Ainsi, le 5 mars, le Conseil des Etats (l’équivalent du Sénat en France) a refusé d’accorder les 3,1 milliards de francs suisses nécessaires à l’achat des 22 Gripen tout en acceptant, cependant, le principe de renouveler la flotte des F-5 Tiger II que les avions suédois sont censés remplacer. Pourtant, en commission, les conseillers avaient donné leur aval.

En séance, Ueli Maurer, le chef du département de la défense, qui est aussi actuellement le président de la Confédération, a fait savoir qu’il n’avait pas lu en détail le contrat signé avec Stokcholm pour la livraison des Gripen. « Ce sont 56 pages en anglais, avec beaucoup de considérations techniques, je fais confiance aux spécialistes de mon service », a-t-il admis.

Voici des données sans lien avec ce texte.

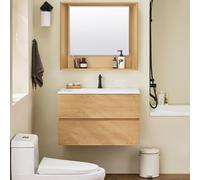 SoBuy BZR198-N Meuble sous-lavabo Ensemble de meubles de salle de bain Miroir mural Armoire de salle de bain Meuble sous-lavabo avec lavabo Miroir de salle de bain avec étagère Naturel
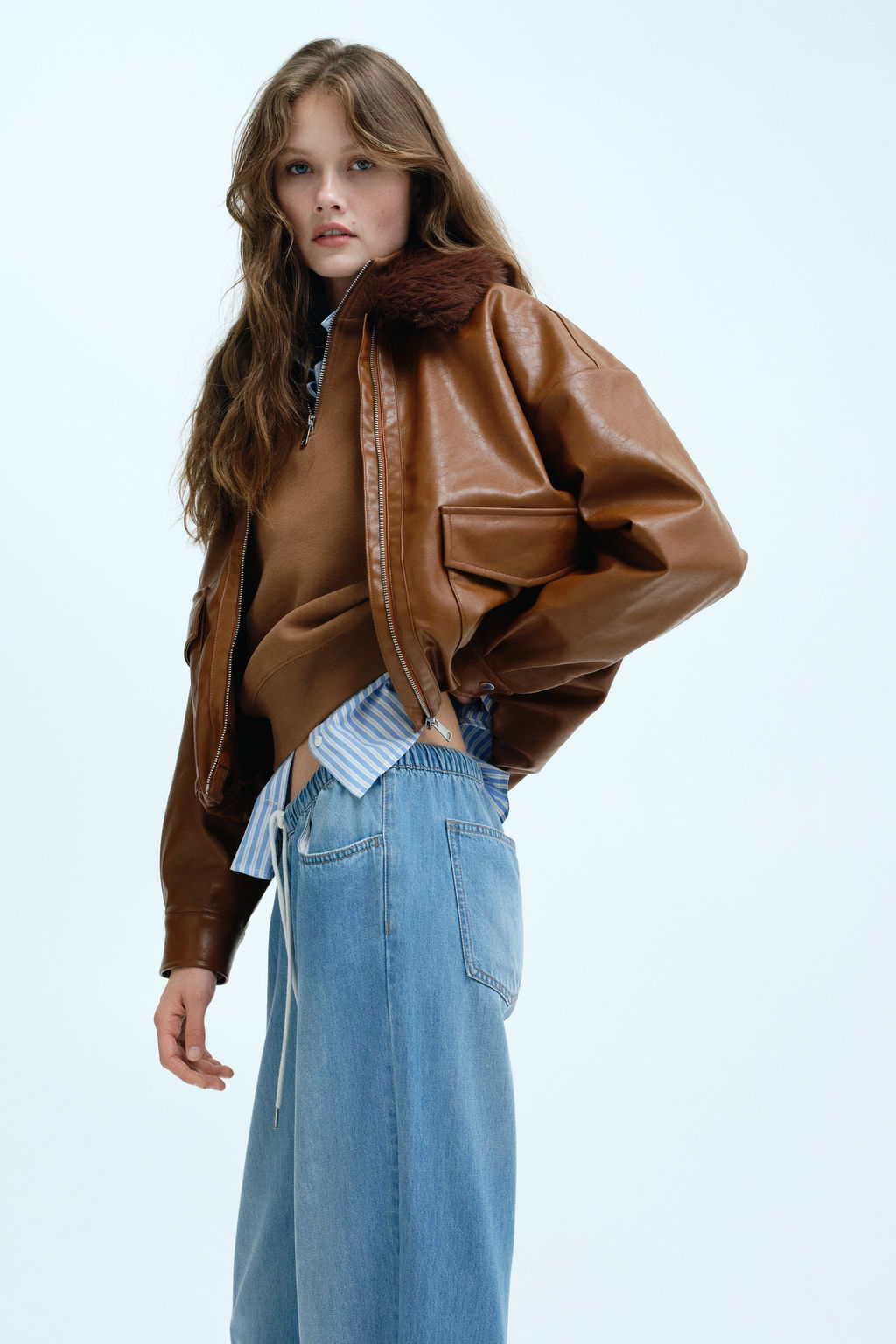 Pantal?n denim con cord?n de ajuste - H&m фото 5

Reste que, selon le même Ueli Maurer, l’achat des Gripen serait désormais « compromis », la balle étant désormais dans le camp du Conseil national, qui aura aussi à se prononcer sur le financement en juin prochain. Et le cas échéant, les opposants à cette acquisition pourront jouer leur va-tout lors d’un référendum populaire. Et actuellement, selon les sondages, une majorité de Suisses ne veulent pas de l’avion suédois.

« Les chances d’emporter un référendum sont réelles. Car il y a en effet un sentiment de gaspillage financier assez large. Le sort du Gripen me laisse peu de doutes. Il faudra de toute façon revoir notre police du ciel ainsi que toutes les missions de l’armée », a ainsi déclaré le sénateur écologiste Luc Recordon, dans les colonnes du quotidien Le Matin.

« Je crois que nous avons besoin d’avions pour la sécurité aérienne, pour courir après un Piper ou un Boeing en cas d’attaque terroriste. Cela nécessite un intercepteur relativement rapide, mais pas un chasseur de combat. La vitesse des avions civils est de toute façon inférieure à Mach1 », a-t-il aussi expliqué. Seulement, la difficulté serait alors de trouver l’appareil adéquat, lequel pourrait être un avion conçu pour l’entraînement avancé (BAE Hawk, Aermacchi M-346, Aero L-159 Alca tchèque ou encore T-50 Golden Eagle sud-coréen?)

Cela étant, la décision suisse aura des conséquences en Suède, où l’exportation de la dernière version du Gripen (E/F), actuellement en cours de développement, est primordiale pour que les forces aériennes suédoises puissent en aquérir un soixantaine d’exemplaires pour 14,2 milliards de dollars. En cas d’un renoncement de Berne, cette commande serait annulée. Et au-delà, c’est l’existence même de Saab qui serait menacée.